Action item: Among the entries below, retype exactly the lines starting with the one with "Linge De Cuisine" and going on through the one with "CRAZY-LIFT_FACEMASK_10PACKx10.", but not the pictures.

Exercise material:
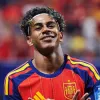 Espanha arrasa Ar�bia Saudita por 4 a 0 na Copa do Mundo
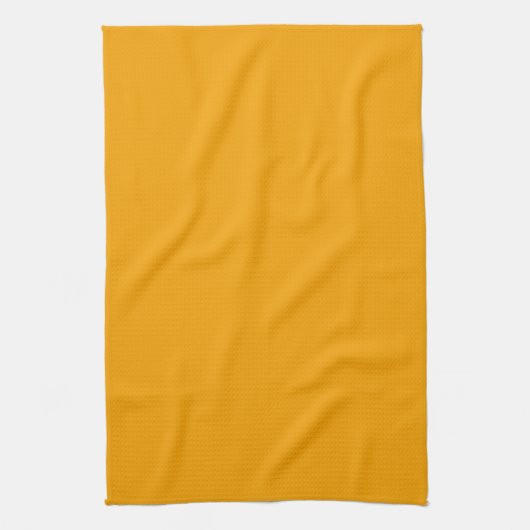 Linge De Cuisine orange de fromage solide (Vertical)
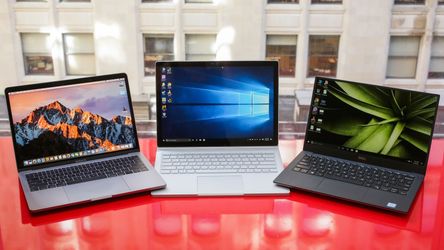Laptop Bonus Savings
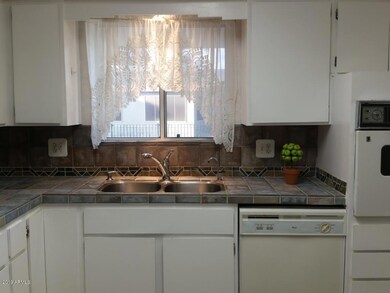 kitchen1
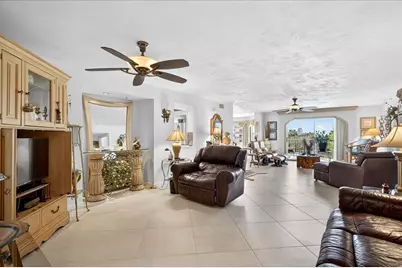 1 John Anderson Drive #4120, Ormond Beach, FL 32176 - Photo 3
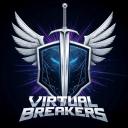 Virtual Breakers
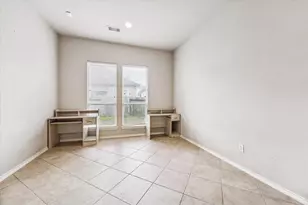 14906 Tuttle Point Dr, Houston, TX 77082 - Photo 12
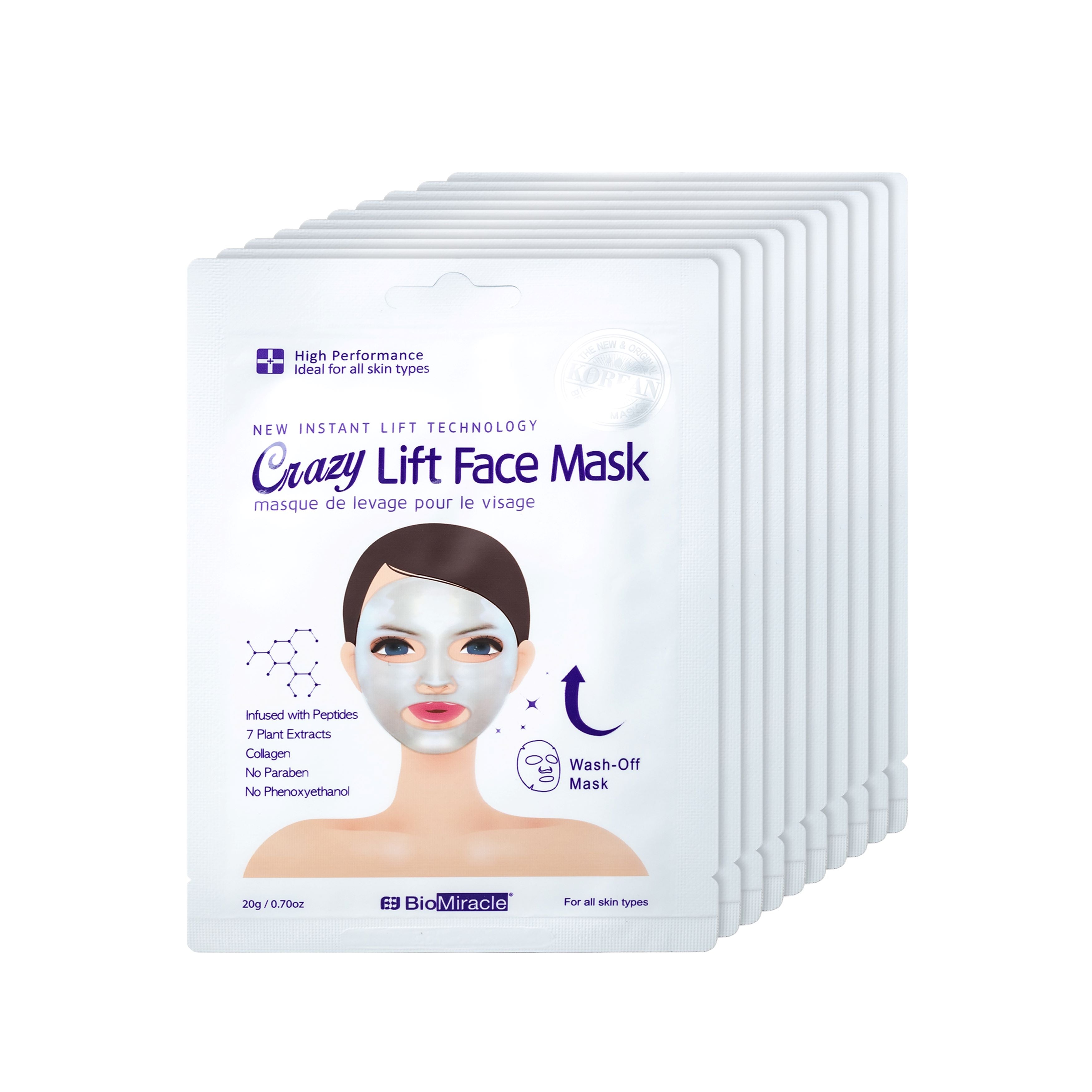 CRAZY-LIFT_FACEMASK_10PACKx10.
...
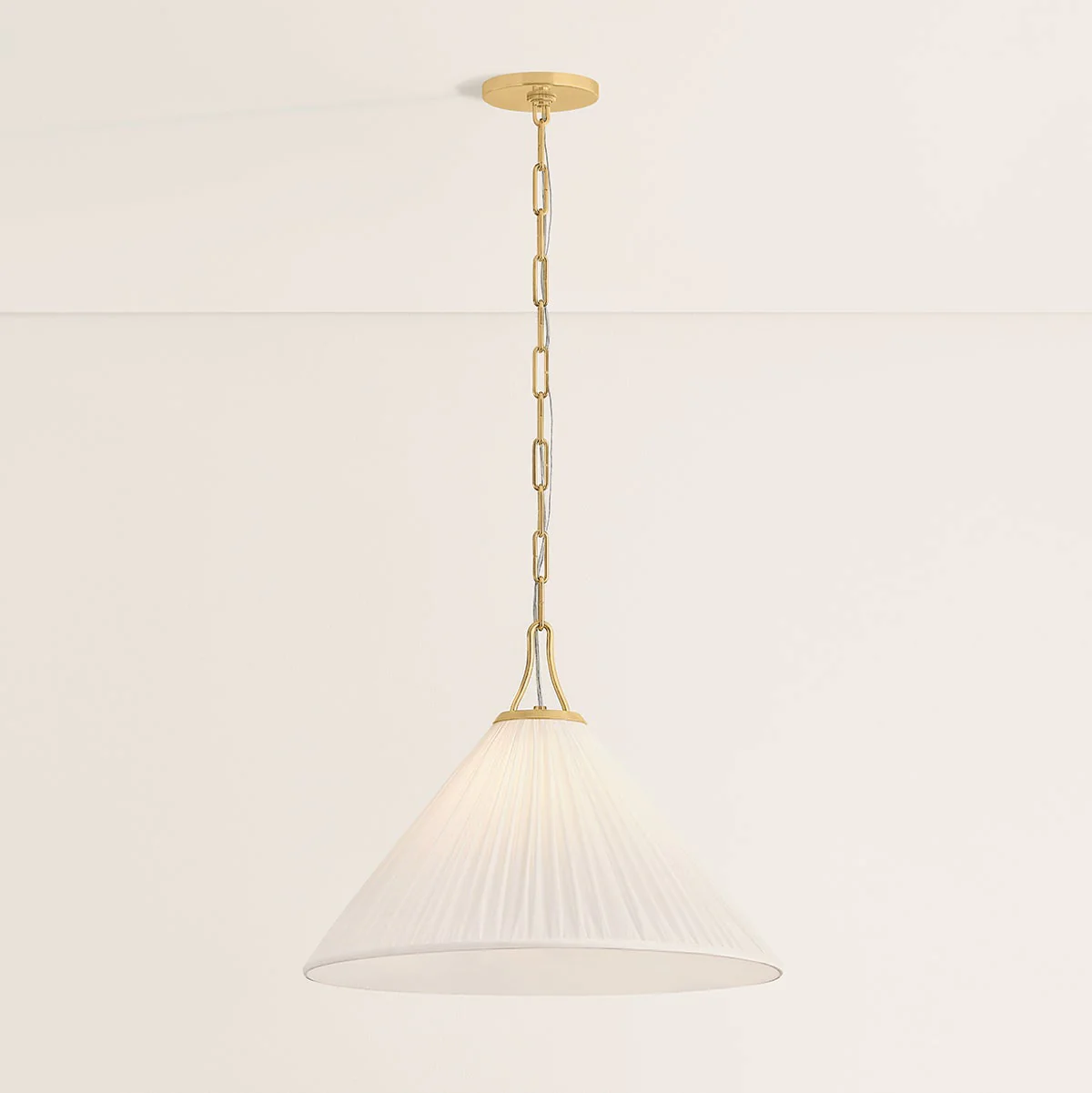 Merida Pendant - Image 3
==
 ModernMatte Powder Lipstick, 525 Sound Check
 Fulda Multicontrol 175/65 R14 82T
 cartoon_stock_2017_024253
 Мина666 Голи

Written solution:
 Linge De Cuisine orange de fromage solide (Vertical)
Laptop Bonus Savings
 kitchen1
 1 John Anderson Drive #4120, Ormond Beach, FL 32176 - Photo 3
 Virtual Breakers
 14906 Tuttle Point Dr, Houston, TX 77082 - Photo 12
 CRAZY-LIFT_FACEMASK_10PACKx10.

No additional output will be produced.